Return a new dataset restricted to the given columns (id is always kept).

Parameters:

*columns (str) – Column names to keep.

Return type:

Dataset[E]

filter(expr)[source]#

Return a new dataset containing only rows matching the expression.

Parameters:

expr (polars.Expr) – A polars expression, e.g. pl.col("weight") > 100.

Return type:

Dataset[E]

train_test_split(test_size=0.2, *, seed=42)[source]#

Split into train and test datasets by random shuffling.

Parameters:
  • test_size (float (default: 0.2)) – Fraction of data to use for the test set.
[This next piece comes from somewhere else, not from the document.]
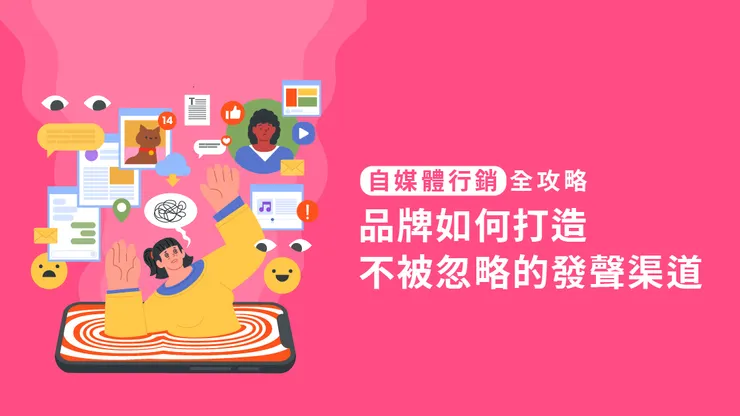 vocus｜新世代的創作平台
  • seed (int (default: 42)) – Random seed for reproducibility.

Return type:

tuple[Dataset[E], Dataset[E]]

to_polars()[source]#

Return the dataset as a polars DataFrame.

Return type:

polars.DataFrame

to_pandas()[source]#

Return the dataset as a pandas DataFrame.

Return type:

DataFrame

to_ase()[source]#

Convert each molecule entry to an ase.Atoms object.

Requires ase to be installed and structure files to be available.

Return type:

list[Atoms]

Specialized Datasets#

class MoleculeDataset[source]#

Bases: Dataset[Molecule[~Properties]], Generic[~Properties]

class ReactionDataset[source]#

Bases: Dataset[Reaction[~Properties]], Generic[~Properties]

class FragmentDataset[source]#

Bases: Dataset[Fragment[~Properties, ~FType]], Generic[~Properties, ~FType]